Wednesday, April 27, 2011

It's Raining in Love by Richard Brautigan

 
I don't know what it is,
 but I distrust myself
 when I start to like a girl
 a lot.

 It makes me nervous.
 I don't say the right things
 or perhaps I start
 to examine,
 evaluate,
 compute
 what I am saying.

 If I say, "Do you think it's going to rain?"
 and she says, "I don't know,"
 I start thinking: Does she really like me?

 In other words
 I get a little creepy.

 A friend of mine once said,
 "It's twenty times better to be friends
 with someone
 than it is to be in love with them."

 I think he's right and besides,
 it's raining somewhere, programming flowers
 and keeping snails happy.
 That's all taken care of.

 BUT

 if a girl likes me a lot
 and starts getting real nervous
 and suddenly begins asking me funny questions
 and looks sad if I give the wrong answers
 and she says things like,
 "Do you think it's going to rain?"
 and I say, "It beats me,"
 and she says, "Oh,"
 and looks a little sad
 at the clear blue California sky,
 I think: Thank God, it's you, baby, this time
 instead of me.


~someone shared this poem with me today..i fell in love with it ~

Sunday, April 17, 2011

The Power of Words


The power of words so beautifully illustrated in this video. How many times do we think before we say some thing. Talking is such a natural thing for most of us. But do we really think about how our words would touch someone? Good or bad - words once out of your mouth cannot be taken back. They just go away. Words that you write, they float away too.  Words are so powerful.

So choose wisely. :)


Saturday, April 16, 2011

A different kind of meeting

I left work a bit early that day as I was not feeling too well. I took the company 2 pm shuttle that drops me off near the University Main Gate. It was terribly hot and I got down from the cab and walked to the University wall shielding myself from the blazing sun. There was no one near just cars, buses and bikes zooming away. I look around for an auto but a few that came my way didn't stop. I was wondering how much longer I would have to stand in that unbearable heat. A thought came to my mind - what would happen if I fainted here. I always have my address and contact numbers in the purse. I wondered if I should call my brother as his office is not too far from the University. But i didn't call him as I knew he was busy with some client meetings that day. 

I look around as I heard some noise coming from the University Gate corner. There was a Policeman there waving a stick and saying something. I look around me - there was no one. He was calling me??? For a moment , I felt terrible fear in my heart. Was this a wrong place to wait for an auto?? Wow..what else could i have done wrong? Why was he calling me? That's when all those questions were zooming in my head I realised I am as scared of the Police as I am of say a Thief! I looked at him again. He was still calling me and was walking towards me.

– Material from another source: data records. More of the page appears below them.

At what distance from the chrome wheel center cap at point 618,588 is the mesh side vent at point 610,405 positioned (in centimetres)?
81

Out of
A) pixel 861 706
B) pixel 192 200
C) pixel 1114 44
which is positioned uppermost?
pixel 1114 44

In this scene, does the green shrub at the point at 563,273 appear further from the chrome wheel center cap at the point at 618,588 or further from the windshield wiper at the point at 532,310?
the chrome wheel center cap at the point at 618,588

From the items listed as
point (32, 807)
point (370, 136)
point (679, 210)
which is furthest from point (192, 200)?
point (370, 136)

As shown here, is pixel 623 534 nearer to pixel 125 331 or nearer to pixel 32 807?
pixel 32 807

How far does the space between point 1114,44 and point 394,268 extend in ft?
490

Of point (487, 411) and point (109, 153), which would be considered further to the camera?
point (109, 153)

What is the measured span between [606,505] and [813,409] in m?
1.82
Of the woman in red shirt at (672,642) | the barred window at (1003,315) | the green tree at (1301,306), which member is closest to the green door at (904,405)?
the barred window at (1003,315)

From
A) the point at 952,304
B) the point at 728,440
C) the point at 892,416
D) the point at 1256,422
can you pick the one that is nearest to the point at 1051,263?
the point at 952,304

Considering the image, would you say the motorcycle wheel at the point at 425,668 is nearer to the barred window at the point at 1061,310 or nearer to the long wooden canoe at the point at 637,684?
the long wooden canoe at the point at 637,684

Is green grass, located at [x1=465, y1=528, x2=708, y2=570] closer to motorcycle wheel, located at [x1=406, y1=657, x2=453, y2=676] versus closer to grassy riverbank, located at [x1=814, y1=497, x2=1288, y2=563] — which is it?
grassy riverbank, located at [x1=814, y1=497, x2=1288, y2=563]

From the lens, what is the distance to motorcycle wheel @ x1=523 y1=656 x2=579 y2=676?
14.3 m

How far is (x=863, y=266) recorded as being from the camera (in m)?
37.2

I walked towards him and kept wondering what does he want?


When we came near each other, he said ,'Madam , you need an auto?' I was shocked for a moment as all my thoughts came crashing down. I stammered out a 'Yes'. He smiled and said, 'Stand here near me and I will get you an auto!'  I didn't know what to think. He looked around, another bunch of cars, buses and bikes zoomed by.....no auto. And then we saw two empty autos coming down that road. Immediately he pulled out his whistle and directed them to stop near us. Both the auto people looked out and asked where I wanted to go. This was super! I mean they never ask you decently, most just bark at you. I am sure the Policeman near me gave them a feeling that I was some big personality in that place or something...lol... Anyway, I got into one of the autos, thanked our Police man for his help and started off on my way home.

This is the first time in my life I have spoken with a Police man. In the corner of my mind I guess I think of them to be corrupt and ruthless. Most stories in media just reinforces these thoughts. You need to stay away from that bunch of people (police) - we need them in the society to deal with the criminals but they are also another kind of criminals!

Did this incident change how I feel about the Police? Yes it did, because it made me realise how biased my mind had become towards them unknowingly.  I think of myself as a person who thinks rationally and yet there are so many biases inside my head. One such bias came out and hit me in my face that day. Many thanks to you , dear Police Man at the University Gate, for making me look inside my mind and understand that not all human beings are the same. It is stupid to generalize and even worse to let irrationals fears grow inside you.

Friday, April 15, 2011

When we treat man as he is, we make him worse than he is; when we treat him as if he already were what he potentially could be, we make him what he should be.